→ WHAT NEEDS TO BE DONE
Could you give back exactly the lines below from the one with "Suns NAIDOC Week" through the one with "Коврики в салон", without a single picture?

→ PROVIDED MATERIAL

---*---

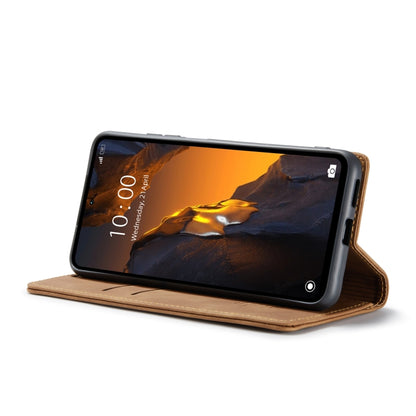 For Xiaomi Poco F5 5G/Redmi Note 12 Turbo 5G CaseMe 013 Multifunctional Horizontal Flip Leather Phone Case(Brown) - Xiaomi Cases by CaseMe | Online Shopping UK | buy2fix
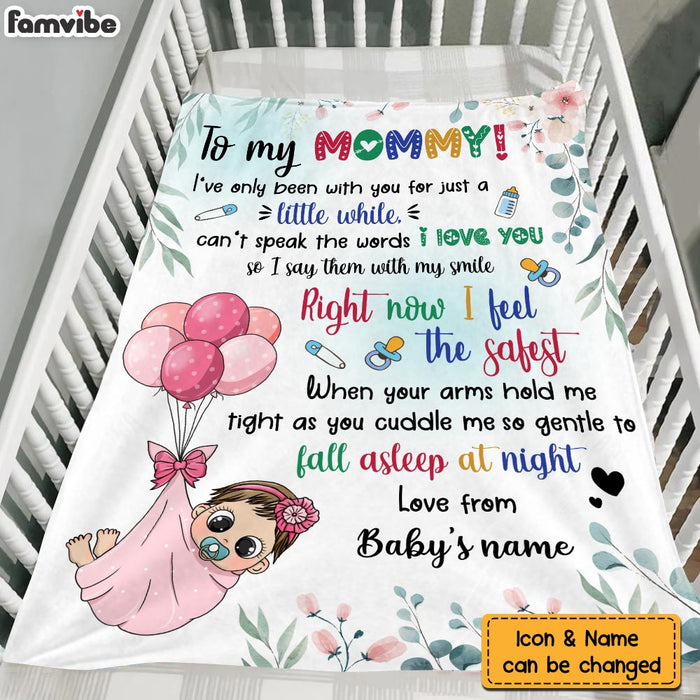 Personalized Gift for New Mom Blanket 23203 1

---*---

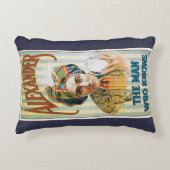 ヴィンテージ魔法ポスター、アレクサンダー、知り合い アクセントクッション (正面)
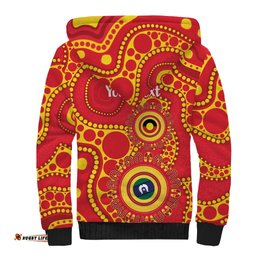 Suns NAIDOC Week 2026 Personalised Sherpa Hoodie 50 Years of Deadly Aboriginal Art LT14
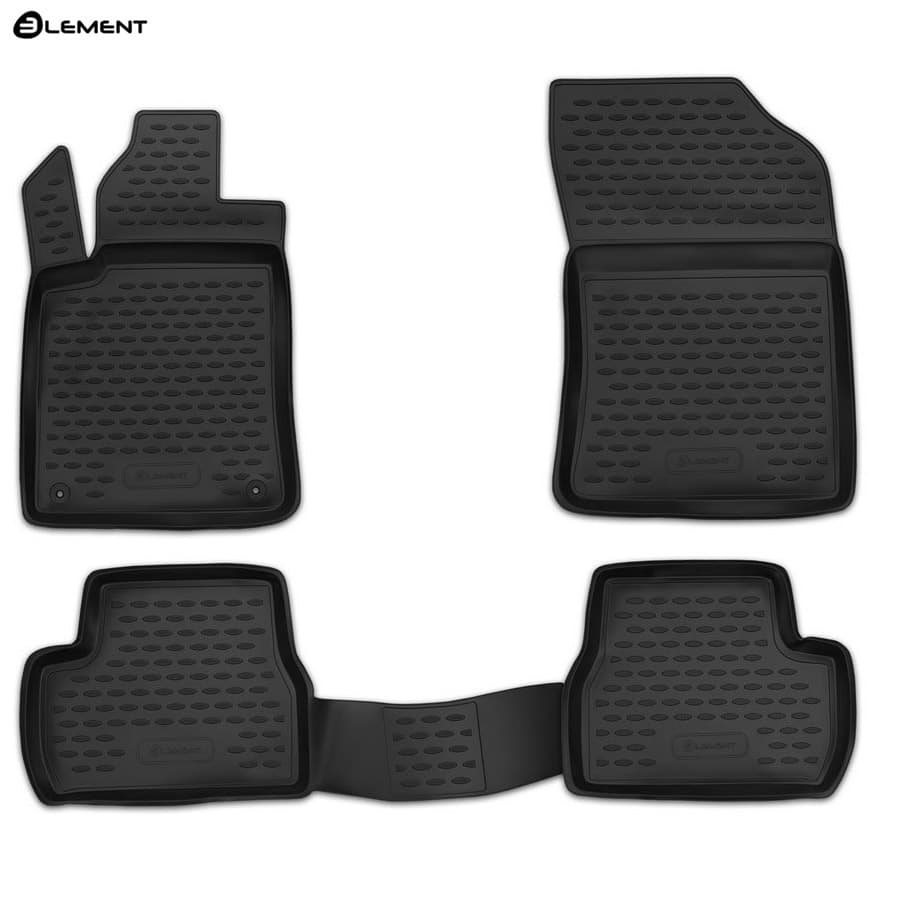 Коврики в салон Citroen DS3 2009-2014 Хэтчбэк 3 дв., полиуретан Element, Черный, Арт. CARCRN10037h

---*---

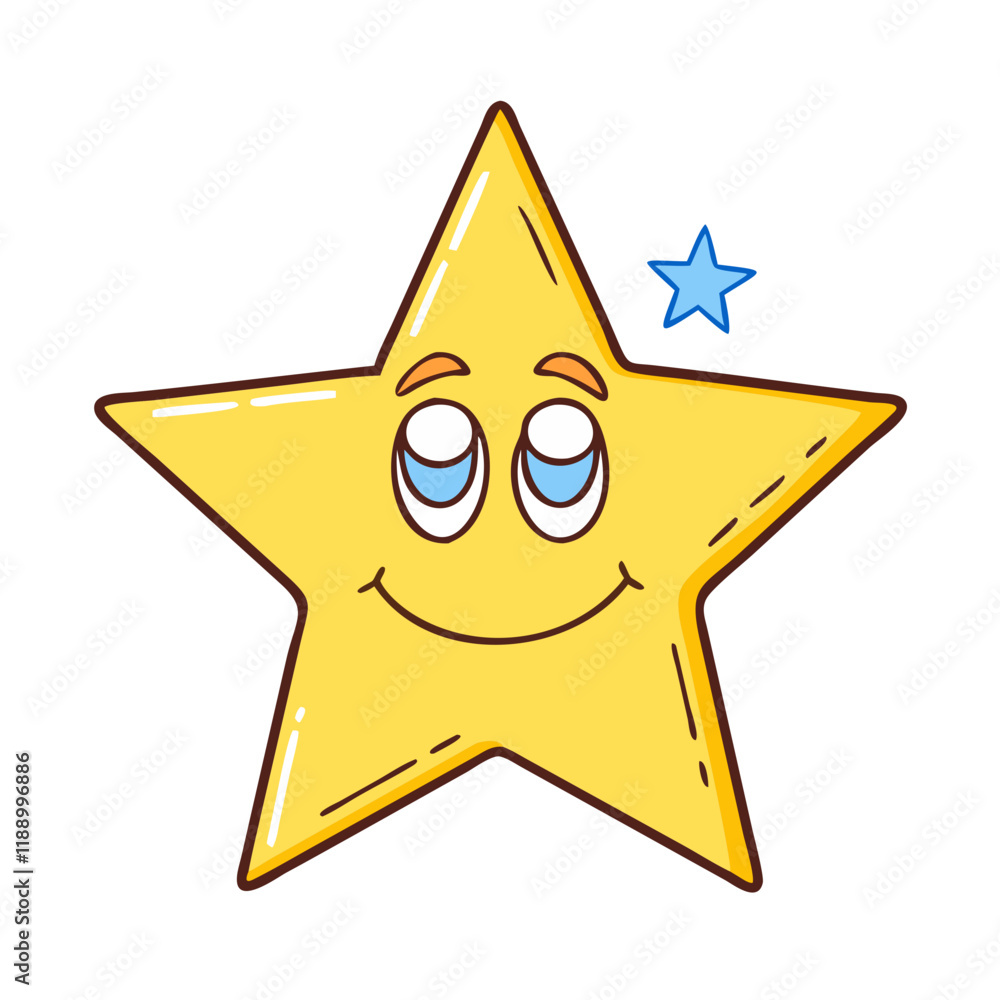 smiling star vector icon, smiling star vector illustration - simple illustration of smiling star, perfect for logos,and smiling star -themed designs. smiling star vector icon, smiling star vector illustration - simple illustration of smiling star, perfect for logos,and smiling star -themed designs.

---*---

→ ANSWER
 Suns NAIDOC Week 2026 Personalised Sherpa Hoodie 50 Years of Deadly Aboriginal Art LT14
 Коврики в салон Citroen DS3 2009-2014 Хэтчбэк 3 дв., полиуретан Element, Черный, Арт. CARCRN10037h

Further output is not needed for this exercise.